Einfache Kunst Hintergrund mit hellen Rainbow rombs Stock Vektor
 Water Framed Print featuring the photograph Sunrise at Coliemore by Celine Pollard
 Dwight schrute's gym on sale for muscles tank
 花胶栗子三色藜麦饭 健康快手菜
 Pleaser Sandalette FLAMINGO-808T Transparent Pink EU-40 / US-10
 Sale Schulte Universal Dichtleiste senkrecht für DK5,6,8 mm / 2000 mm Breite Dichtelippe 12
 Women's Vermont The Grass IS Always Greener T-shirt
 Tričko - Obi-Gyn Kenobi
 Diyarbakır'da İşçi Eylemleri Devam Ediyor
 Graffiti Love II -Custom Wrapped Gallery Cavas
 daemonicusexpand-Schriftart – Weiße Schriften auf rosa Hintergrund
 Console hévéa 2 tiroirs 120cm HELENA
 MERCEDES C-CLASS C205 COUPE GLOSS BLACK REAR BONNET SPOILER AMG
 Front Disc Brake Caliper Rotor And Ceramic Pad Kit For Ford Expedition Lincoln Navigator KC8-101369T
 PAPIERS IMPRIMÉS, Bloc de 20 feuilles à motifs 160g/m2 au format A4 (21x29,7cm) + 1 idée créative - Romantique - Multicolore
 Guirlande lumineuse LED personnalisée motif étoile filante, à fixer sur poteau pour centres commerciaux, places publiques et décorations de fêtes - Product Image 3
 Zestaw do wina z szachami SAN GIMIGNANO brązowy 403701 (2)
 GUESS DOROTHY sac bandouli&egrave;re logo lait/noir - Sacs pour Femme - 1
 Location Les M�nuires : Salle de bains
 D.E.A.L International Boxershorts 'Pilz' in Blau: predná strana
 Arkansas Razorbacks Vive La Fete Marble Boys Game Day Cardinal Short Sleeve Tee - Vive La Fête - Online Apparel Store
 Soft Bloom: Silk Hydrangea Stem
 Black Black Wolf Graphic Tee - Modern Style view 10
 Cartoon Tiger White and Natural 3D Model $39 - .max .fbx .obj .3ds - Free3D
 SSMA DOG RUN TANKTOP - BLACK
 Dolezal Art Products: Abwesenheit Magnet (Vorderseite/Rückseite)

******************************

(EXERCISE DIRECTIONS):
Output the entire data exactly, line for line.

(WRITTEN SOLUTION):
Einfache Kunst Hintergrund mit hellen Rainbow rombs Stock Vektor
 Water Framed Print featuring the photograph Sunrise at Coliemore by Celine Pollard
 Dwight schrute's gym on sale for muscles tank
 花胶栗子三色藜麦饭 健康快手菜
 Pleaser Sandalette FLAMINGO-808T Transparent Pink EU-40 / US-10
 Sale Schulte Universal Dichtleiste senkrecht für DK5,6,8 mm / 2000 mm Breite Dichtelippe 12
 Women's Vermont The Grass IS Always Greener T-shirt
 Tričko - Obi-Gyn Kenobi
 Diyarbakır'da İşçi Eylemleri Devam Ediyor
 Graffiti Love II -Custom Wrapped Gallery Cavas
 daemonicusexpand-Schriftart – Weiße Schriften auf rosa Hintergrund
 Console hévéa 2 tiroirs 120cm HELENA
 MERCEDES C-CLASS C205 COUPE GLOSS BLACK REAR BONNET SPOILER AMG
 Front Disc Brake Caliper Rotor And Ceramic Pad Kit For Ford Expedition Lincoln Navigator KC8-101369T
 PAPIERS IMPRIMÉS, Bloc de 20 feuilles à motifs 160g/m2 au format A4 (21x29,7cm) + 1 idée créative - Romantique - Multicolore
 Guirlande lumineuse LED personnalisée motif étoile filante, à fixer sur poteau pour centres commerciaux, places publiques et décorations de fêtes - Product Image 3
 Zestaw do wina z szachami SAN GIMIGNANO brązowy 403701 (2)
 GUESS DOROTHY sac bandouli&egrave;re logo lait/noir - Sacs pour Femme - 1
 Location Les M�nuires : Salle de bains
 D.E.A.L International Boxershorts 'Pilz' in Blau: predná strana
 Arkansas Razorbacks Vive La Fete Marble Boys Game Day Cardinal Short Sleeve Tee - Vive La Fête - Online Apparel Store
 Soft Bloom: Silk Hydrangea Stem
 Black Black Wolf Graphic Tee - Modern Style view 10
 Cartoon Tiger White and Natural 3D Model $39 - .max .fbx .obj .3ds - Free3D
 SSMA DOG RUN TANKTOP - BLACK
 Dolezal Art Products: Abwesenheit Magnet (Vorderseite/Rückseite)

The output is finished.